What’s it been two weeks? Three weeks? Yet it has happened again – another Major League Baseball player has been suspended for testing positive for a banned substance. This time it is Phillies catcher Carlos Ruiz and this time it was amphetamines, for which Ruiz will be suspended for 25 games to begin the 2013 season.
According to Jim Salisbury of Comcast Sports Net Philadelphia, a 25-game suspension for amphetamines means that this is Ruiz’s second offense, as a first offense does not include a suspension and is kept private. I’m thinking that didn’t work too well, did it?
Do you think that the Major League Baseball Players Association care… I mean really care? Care enough to actually do something about this continuing problem, like maybe increasing the penalties to 100 games for a first offense and a lifetime ban for a second offense? I don’t think they do.
Do you think that the so-called “steroid era” is really over? Well, Ruiz is the 34th MLB player to be suspended for testing positive for a banned substance since the MLB and MLBPA went to their self-proclaimed “harsher penalties” in 2005.
And what exactly does the MLBPA have to say about this? Here are their official statements for five of the seven MLB players suspended for testing positive for a banned substance in 2012:
- Carlos Ruiz (Phillies) – “I apologize to my teammates, the Phillies organization and the Philadelphia fans. I will serve the imposed 25-game suspension to begin the season, and I look forward to returning to the field and working toward bringing a championship back to Philadelphia in 2013.”
- Yasmani Grandal (Padres) – “I apologize to the fans, my teammates and to the San Diego Padres. I was disappointed to learn of my positive test and under the joint drug program. I am responsible for what I put into my body. I must accept responsibility for my actions and serve my suspension.”
- Bartolo Colon (Athletics) – “I apologize to the fans, to my teammates and to the Oakland A’s. I accept responsibility for my actions and I will serve my suspension as required by the joint drug program.” (Colon received a one-year/$3 million contract after his suspension with incentives that could push his earnings up to $6 million).
- Melky Cabrera – (Giants) “I accept my suspension under the Joint Drug Program and I will try to move on with my life. I am deeply sorry for my mistake and I apologize to my teammates, to the San Francisco Giants organization and to the fans for letting them down.” (Cabrera received a two-year/$16 million contract after his suspension and also received a full postseason record share of $377,003).

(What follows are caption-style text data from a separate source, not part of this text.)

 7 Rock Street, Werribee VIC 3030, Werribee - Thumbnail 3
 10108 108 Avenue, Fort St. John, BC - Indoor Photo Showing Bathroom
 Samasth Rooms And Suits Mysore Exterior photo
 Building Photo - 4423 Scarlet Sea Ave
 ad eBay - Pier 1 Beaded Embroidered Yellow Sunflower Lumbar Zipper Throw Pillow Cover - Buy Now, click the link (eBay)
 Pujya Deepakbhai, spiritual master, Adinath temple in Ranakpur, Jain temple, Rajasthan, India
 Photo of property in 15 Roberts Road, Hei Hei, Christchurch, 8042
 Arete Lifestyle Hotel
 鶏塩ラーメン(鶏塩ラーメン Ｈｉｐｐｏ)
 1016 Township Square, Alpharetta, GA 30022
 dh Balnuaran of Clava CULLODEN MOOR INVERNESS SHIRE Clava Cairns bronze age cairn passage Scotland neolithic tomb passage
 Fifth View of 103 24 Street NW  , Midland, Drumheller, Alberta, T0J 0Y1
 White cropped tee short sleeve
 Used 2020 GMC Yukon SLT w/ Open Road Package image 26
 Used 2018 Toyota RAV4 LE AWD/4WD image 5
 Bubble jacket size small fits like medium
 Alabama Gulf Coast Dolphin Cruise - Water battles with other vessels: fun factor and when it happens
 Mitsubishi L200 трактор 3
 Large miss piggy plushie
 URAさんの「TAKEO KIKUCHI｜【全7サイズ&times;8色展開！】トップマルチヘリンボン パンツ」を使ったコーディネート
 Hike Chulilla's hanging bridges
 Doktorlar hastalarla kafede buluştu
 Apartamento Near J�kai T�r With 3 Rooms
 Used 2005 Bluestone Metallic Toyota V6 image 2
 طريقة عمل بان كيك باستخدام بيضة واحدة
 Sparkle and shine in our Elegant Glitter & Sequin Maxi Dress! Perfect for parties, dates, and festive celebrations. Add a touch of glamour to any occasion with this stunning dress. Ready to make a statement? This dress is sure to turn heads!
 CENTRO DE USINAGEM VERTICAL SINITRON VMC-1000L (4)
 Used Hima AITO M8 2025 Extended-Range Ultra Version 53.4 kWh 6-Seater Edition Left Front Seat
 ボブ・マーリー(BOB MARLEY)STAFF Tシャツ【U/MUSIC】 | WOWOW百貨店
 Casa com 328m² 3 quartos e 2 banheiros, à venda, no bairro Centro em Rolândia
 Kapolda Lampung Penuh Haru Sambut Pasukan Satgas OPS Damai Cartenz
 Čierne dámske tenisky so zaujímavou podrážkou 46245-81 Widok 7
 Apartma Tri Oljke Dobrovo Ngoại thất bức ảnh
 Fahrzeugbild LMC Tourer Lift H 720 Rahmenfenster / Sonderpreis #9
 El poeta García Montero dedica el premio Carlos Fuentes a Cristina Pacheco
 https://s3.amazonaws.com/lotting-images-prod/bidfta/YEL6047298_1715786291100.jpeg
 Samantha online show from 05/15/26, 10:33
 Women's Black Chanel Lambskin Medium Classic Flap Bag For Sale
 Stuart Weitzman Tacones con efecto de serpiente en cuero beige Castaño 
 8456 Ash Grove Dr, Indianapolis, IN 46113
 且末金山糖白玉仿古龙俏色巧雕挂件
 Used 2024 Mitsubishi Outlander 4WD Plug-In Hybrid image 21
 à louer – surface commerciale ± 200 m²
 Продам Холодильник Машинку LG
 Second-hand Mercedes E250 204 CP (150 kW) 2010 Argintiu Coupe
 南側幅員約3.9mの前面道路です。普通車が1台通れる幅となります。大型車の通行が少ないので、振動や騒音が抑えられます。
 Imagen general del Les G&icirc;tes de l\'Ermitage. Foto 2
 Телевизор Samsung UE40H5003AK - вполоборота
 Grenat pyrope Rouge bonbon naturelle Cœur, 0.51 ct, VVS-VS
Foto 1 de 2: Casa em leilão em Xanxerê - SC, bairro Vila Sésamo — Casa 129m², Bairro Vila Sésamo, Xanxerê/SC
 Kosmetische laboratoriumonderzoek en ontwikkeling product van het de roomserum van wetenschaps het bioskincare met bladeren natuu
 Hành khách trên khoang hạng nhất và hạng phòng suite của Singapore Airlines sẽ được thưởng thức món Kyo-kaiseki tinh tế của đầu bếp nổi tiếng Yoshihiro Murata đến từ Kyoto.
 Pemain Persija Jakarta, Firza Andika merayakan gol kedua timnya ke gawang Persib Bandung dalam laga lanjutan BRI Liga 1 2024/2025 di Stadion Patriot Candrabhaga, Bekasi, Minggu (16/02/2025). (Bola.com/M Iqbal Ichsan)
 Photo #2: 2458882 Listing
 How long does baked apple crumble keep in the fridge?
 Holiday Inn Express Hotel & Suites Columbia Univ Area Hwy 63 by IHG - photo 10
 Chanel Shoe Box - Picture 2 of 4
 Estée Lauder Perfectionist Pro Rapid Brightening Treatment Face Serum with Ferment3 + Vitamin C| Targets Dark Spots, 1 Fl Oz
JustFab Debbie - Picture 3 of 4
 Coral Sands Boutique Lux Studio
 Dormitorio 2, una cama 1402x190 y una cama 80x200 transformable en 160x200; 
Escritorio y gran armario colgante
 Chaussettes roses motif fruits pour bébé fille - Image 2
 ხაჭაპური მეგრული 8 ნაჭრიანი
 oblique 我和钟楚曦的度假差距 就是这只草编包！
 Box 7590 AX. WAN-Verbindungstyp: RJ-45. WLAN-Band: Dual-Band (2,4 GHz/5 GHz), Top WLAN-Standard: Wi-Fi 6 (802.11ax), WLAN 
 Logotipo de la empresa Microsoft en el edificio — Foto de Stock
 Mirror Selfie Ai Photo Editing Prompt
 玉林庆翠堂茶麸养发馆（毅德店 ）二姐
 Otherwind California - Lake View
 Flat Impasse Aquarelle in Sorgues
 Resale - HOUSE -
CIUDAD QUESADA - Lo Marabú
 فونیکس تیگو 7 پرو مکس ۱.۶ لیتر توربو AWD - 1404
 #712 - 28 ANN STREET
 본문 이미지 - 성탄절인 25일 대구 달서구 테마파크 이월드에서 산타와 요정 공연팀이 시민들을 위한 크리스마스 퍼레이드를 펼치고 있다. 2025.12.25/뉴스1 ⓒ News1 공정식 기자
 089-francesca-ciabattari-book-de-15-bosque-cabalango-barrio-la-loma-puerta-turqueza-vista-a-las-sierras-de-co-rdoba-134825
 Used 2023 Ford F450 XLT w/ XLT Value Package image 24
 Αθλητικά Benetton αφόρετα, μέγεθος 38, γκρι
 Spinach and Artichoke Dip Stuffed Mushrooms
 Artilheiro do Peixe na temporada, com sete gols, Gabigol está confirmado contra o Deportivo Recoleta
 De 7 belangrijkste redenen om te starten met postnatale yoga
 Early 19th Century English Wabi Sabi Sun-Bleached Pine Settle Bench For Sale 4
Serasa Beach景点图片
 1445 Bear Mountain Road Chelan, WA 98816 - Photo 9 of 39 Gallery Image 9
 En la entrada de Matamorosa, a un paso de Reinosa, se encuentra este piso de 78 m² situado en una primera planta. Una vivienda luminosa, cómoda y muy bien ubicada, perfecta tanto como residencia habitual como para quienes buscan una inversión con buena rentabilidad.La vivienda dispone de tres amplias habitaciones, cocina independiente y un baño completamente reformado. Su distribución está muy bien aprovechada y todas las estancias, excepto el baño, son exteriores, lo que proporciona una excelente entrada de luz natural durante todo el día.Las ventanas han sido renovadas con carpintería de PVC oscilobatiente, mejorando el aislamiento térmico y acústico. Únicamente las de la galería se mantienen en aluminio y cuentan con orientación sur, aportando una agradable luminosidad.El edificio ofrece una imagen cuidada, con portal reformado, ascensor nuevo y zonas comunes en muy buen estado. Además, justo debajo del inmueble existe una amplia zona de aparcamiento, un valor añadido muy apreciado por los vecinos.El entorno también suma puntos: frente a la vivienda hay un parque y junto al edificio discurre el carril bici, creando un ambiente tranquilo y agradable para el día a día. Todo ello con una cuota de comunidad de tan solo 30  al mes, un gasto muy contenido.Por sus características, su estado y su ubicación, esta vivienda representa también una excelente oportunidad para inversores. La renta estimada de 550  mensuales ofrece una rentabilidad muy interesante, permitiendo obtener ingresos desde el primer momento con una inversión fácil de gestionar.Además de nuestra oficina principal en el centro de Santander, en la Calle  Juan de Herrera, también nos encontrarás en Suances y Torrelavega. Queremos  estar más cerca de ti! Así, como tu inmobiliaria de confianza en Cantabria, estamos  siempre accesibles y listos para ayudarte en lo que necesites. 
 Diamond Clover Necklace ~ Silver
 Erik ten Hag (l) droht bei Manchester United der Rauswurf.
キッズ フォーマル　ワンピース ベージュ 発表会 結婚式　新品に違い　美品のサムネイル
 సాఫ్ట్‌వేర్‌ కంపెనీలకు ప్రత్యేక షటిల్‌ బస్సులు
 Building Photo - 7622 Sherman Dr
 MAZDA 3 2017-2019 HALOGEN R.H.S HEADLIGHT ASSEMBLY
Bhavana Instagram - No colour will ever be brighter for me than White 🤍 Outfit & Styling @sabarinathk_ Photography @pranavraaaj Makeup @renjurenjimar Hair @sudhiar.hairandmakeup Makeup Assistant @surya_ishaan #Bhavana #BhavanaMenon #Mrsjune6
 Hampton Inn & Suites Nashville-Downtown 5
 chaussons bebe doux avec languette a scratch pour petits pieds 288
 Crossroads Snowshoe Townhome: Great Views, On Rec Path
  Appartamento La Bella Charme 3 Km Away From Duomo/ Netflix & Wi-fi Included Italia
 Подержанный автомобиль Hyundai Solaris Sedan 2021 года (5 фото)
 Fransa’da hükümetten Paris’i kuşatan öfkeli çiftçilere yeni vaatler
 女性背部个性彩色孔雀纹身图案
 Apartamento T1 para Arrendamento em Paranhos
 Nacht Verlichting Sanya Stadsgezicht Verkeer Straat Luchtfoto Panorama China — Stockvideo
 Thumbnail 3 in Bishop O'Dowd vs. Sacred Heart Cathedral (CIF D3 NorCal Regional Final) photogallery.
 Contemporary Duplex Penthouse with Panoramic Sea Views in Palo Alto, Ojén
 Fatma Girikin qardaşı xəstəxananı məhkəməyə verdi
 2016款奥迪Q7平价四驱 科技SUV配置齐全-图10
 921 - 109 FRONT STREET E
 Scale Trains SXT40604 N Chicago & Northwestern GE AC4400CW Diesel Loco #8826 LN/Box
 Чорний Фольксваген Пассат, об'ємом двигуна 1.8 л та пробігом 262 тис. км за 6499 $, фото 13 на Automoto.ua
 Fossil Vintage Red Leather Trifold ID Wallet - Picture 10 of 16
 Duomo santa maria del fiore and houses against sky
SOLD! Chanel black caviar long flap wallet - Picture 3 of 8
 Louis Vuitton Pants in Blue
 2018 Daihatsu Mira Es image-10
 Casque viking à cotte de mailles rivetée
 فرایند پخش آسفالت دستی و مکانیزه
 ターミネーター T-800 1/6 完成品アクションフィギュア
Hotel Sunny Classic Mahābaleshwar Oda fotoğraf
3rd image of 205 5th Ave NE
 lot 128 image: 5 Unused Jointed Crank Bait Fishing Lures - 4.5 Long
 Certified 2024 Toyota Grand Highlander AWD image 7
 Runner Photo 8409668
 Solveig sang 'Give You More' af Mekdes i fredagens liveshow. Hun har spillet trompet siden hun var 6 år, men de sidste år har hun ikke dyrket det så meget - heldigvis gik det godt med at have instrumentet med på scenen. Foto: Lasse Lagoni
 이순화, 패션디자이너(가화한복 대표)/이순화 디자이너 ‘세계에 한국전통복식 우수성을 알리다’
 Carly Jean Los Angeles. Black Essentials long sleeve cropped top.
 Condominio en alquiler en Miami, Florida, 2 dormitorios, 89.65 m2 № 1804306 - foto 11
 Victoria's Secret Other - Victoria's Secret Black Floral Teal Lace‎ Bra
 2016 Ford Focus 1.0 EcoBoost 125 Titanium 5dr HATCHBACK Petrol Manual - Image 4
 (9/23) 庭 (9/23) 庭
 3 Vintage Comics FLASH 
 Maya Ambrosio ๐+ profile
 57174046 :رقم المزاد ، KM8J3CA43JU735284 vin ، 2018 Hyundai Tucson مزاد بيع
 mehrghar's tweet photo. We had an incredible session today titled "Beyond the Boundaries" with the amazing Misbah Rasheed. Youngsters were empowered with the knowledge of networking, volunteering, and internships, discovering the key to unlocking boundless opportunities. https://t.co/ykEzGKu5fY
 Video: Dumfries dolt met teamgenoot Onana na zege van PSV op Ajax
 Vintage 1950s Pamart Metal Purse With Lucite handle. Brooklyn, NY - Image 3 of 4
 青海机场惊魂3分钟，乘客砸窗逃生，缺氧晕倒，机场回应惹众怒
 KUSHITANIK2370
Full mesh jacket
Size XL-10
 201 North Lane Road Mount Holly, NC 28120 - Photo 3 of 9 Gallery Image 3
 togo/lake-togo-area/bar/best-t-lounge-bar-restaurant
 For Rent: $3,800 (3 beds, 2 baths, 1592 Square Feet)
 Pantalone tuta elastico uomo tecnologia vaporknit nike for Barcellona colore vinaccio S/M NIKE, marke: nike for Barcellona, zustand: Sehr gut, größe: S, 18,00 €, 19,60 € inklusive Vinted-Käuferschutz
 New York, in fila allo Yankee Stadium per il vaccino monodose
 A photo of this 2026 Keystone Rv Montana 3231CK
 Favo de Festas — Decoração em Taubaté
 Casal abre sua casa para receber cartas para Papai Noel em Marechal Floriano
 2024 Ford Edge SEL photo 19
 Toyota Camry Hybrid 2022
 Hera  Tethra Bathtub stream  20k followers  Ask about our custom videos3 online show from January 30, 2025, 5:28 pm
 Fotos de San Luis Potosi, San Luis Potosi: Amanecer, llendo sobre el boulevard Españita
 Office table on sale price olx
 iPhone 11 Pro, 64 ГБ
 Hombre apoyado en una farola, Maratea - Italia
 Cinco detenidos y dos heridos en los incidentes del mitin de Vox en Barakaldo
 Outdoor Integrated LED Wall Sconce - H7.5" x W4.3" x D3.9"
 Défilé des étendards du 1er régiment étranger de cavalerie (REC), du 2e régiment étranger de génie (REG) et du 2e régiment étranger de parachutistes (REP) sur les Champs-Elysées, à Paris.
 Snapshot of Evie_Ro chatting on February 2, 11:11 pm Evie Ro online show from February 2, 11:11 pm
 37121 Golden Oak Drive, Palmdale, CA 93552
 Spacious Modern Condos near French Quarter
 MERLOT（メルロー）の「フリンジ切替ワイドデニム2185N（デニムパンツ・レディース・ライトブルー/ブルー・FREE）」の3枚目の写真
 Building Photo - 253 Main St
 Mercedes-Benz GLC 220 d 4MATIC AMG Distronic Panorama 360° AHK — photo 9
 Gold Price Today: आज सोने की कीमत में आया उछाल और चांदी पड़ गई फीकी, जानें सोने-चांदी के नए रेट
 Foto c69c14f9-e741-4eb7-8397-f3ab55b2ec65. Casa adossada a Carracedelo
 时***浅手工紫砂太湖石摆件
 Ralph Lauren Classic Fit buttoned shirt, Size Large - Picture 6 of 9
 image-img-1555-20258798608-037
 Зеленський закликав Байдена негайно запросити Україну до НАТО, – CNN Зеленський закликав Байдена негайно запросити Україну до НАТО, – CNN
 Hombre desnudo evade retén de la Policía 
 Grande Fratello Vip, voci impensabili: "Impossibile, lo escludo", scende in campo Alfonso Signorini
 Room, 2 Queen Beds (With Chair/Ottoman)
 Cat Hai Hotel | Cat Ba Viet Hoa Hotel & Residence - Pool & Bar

- Freddy Galvis (Phillies) – “I’d like to apologize to my all my fans, especially here in Philadelphia and back home in Venezuela, to my teammates and to the Phillies organization.”
(Note: The MLBPA did not issue a statement for Giants reliever Guillermo Mota, and why should they – it was his second offense; and Reds pitcher Edinson Volquez used a ridiculous story that he received a prescription in the Dominican Republic as part of his treatment to start a family with his wife – give me a freaking break.
I’ll say it again – These guys aren’t sorry, they’re sorry they got caught.
Do you see just how foolish the MLBPA looks making these cookie-cutter, canned, and utterly ridiculous statements? Why don’t they say something like “We’re tired of this crap and we’re going to do something about it. We’re going to make the penalties even stronger. These morons need to understand that their cheating will not be tolerated in the MLB.” That’s what the Major League Baseball Players Association needs to say.
But you know what? They Don’t Care… They Just Don’t Care.